It may not suit some of today's ultra-nationalist historians to remember, but Tito's death in May 1980 was met by genuinely felt grief across the former Yugoslavia. The most graphic illustration, perhaps, was at the football match between Croatia's Hajduk Split, and Red Star Belgrade from the capital; the game was stopped, half way through, to announce the death, and both sets of players wept openly. (Red Star went onto win 3-1, a victory that would normally have ensured substantial bragging rights for their fans, but the result went by almost unnoticed.) On the same night, as you can see in this youtube clip, the TV newsreader struggled and largely failed to keep a check on his emotions:


Tito died in hospital in Ljubljana, and his body was carried around all parts of Yugoslavia before being laid to rest at the House of Flowers. It's a marker of how much has changed in the subsequent thirty years, that an ex-JNA Colonel, having re-trained as an academic following the end of Yugoslavia, is now selling his self published book on Tito from the back of a battered Lada Zhiguli outside the museum.

Jovanka Broz Tito getting off an aeroplane, Belgrade, 1959
There are two very comprehensive fashion exhibitions on at the moment; one focuses on Tito and his very glamorous second wife, Jovanka; the other, perhaps more interestingly, focuses on fashion in post-war Croatia, up to around 1960. This exhibition well illustrates the difficult post-war transition Yugoslavia underwent, from being a ruined country destroyed by four years of occupation and bitter, bitter civil war, to building up the infrastructure of a flourishing consumer goods sector, alongside a re-building of industry and a (controversial and costly) re-organisation of farming.

Croatian fashion, May 1945: Partizans liberate Jelačić Square in the centre of Zagreb
Croatian fashion c. 1960: a woman at work on the "Highway of Brotherhood and Unity" between Belgrade & Zagreb
Elsewhere, the museum features well-tended grounds, featuring works by Yugoslav sculptors very well known for public commissions and portraits of the party leadership, particularly by Antun Augustinčić, who died the year before his biggest patron.
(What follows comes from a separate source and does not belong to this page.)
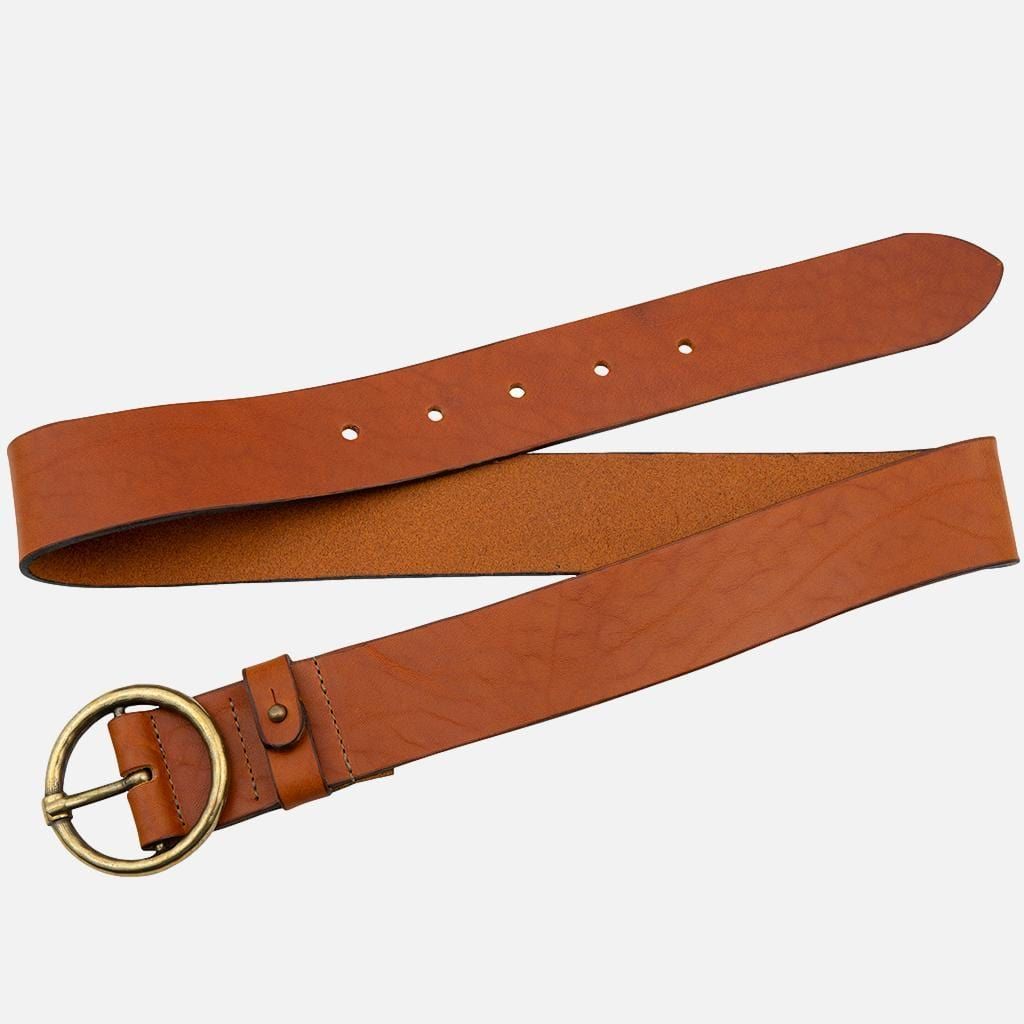 Vintage Gold Round Buckle Leather Belt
The mausoleum itself is rather odd. Shorn of its honour guard (Milošević ordered the removal of a military presence at Tito's grave in 1990, as part of a so-called "detitoisation" process), Tito's grave seems almost incidental, a mere curiosity to visitors, in between two rooms exhibiting all of his many batons (!) and a rather dull room full of delicacies and trinkets donated by fellow members of the "Non Aligned Movement" ( a group of countries started by Yugoslavia in the Cold War, as aligned fully neither with the Western nor the Soviet blocs.)
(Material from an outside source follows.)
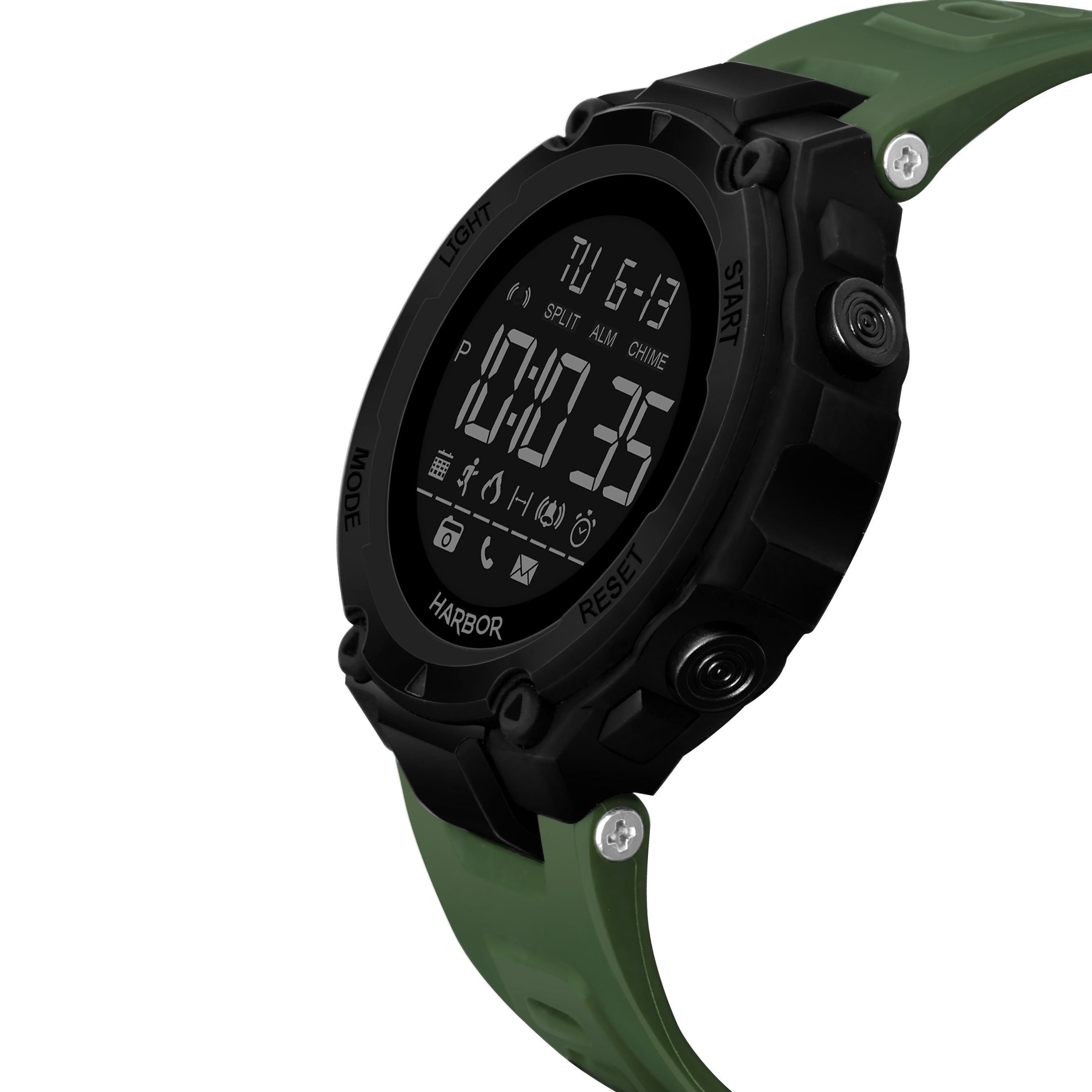 Harbor 9098 Green Strap Digital Watch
The exhibition space here is rather fascinating, but the overall impression of the mausoleum is one of a cloying sadness; that of a great historical figure from a time past, little remembered or noticed in a fast moving contemporary world, in which his ideas and concepts no longer really apply.

Belgrade 1

Faculty of Fine Arts, Belgrade
 It's not often that you can say that you are working in the place where World War One started. But that's exactly what I have been doing since the middle of last week. In a former life, the Faculty of Fine Arts in Belgrade was the embassy of Austria-Hungary; it was to this building that the fateful telegram arrived from Vienna in the summer of 1914, ordering the Austrian ambassador to hand over the declaration of war to his Serb counterparts. It was a decision, ultimately, which was to shape fundamentally the state that was to be called Yugoslavia, and its successors, right up to the present day.

SKC, Belgrade
 I've been here for over a week now, and it has been largely hard work. I spent a day or so in the archives of the SKC- the students' cultural centre- that launched the careers of Marina Abramović and Rasa Todosijević in the early 1970s; the place where Joseph Beuys and Michelangelo Pistoletto visited, amongst others; the venue for legendary exhbitions such as the April happenings and the October salons, in the past. these days, it's still a pretty lively place, with two floors of contemporary exhibitions, and eating spaces, as well as an archive, library and offices.

In contrast to the laid back ease of the various towns and cities that I visited in Macedonia, Belgrade is a frenetic city. The traffic is constant and constantly irritable; Belgraders drive on the horn and the accelerator, with the other controls of their vehicles being largely ornamental. Long, slow moving crocodiles of vehicles all peeping hopelessly at one another is a daily sight here. It is also quite a unqiue place architecturally. Belgrade has been attacked and at least partially destroyed so many times in the last few centuries, that the oldest living house is barely 300 years old; the oldest building is a mosque dating from the sixteenth century. It is a city which has developed in layers; one Utopian vision has been swept aside for a completely different other, resulting in a jumbled built environment quite unlike anywhere else in Europe. On most of the main streets, Hapsburg style appartments from before 1914, interwar French-style appartments, Tito era towerblocks and corporate post-1999 monstrosties all sit cheek by jowl with one another.

Belgrade Street
 In Yugoslav times, Belgrade could claim not only to be capital of the federation's art world, but probably the most significant artistic city in south-east Europe. The National Museum, and the Museum of Contemporary Art, both boasted very impressive and representative collections, not only of Yugoslav art, but also of modern art from the European continent, as well as from the USA. Sadly, these days, both institutions are closed as a result of a lack of money, and an extremely long and time consuming re-building process. Older Belgraders joke that the National Museum was more accessible during the German occupation; it has now been closed for seven years. Few would hazard a guess as to when either will be re-opened, but presumably the medium-term target is 2020, when Belgrade is hoping to be named as European City of Culture. This rather implies membership of the EU by that stage for Serbia, which, as far as can be predicted, seems about right.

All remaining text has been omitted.